Answer 3 · 2023-03-22T09:41:19.000Z

Here's is just one example of the usage (purpose of hyphenation: allow use of maxium font size on the tiny display of https://github.com/Wikinaut/pinetradio ). The first - and third - came from the hyphenation. Currently, I use only no or one automatic hyphenation per word.

Answer 4 · 2023-03-22T13:18:26.000Z

You may get slightly better results using the 0.14.0 version, as it may be a bit faster if your storage is slow (and it probably is). That could help with the 17 seconds spent mainly to list dictionaries, and the 30 seconds in the __init__ function code when a dictionary is parsed.

But except from this change, you have almost the same distribution of time than me. It could be possible to find optimizations, but nothing’s obvious for me now.

Answer 5 · 2023-03-22T17:40:54.000Z

0.14.0 is not much better:

Import of pyphen started.
pyphen imported, loading of de_DE took 39.62 seconds on Raspberry Pi Zero

new profile:

https://dpaste.com/CG5F52TKZ.txt

Answer 6 · 2023-03-23T14:30:30.000Z

0.14.0 is not much better

A 10% improvement is good news, that’s what I was hoping for, but it’s not enough.

new profile:

It looks like we saved some time listing dictionaries, importing the module seems to be much faster.

For ~50s, there’s:

~10s in parse (the regex matching),
~10s elsewhere in the list comprehension (10s more than the 10s spent in the regex),
~30s elsewhere in the HyphDict.__init__ method, including ~18s in CPython’s C code for Python primitives.

It should be possible to save some time, but there’s nothing obvious from what I see there :/.

Answer 7 · 2023-03-23T15:17:07.000Z

Perhaps an offline-preprocessing of the (used) dictionary?

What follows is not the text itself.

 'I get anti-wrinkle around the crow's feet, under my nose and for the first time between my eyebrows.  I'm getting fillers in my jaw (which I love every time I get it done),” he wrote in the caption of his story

Could this help?

Answer 8 · 2023-03-25T17:21:48.000Z

Perhaps an offline-preprocessing of the (used) dictionary? Could this help?

I’ve tried to load a JSON (generated from the dictionary) on my laptop and it’s ~5 times faster than loading the Hunspell dictionary. With Pickle, it’s ~10 times faster. The benefits would be probably higher on slower systems.

We could consider including these pre-processed dictionaries. Pickle and JSON are probably not the best solutions (for different reasons), good ideas are welcome 😁.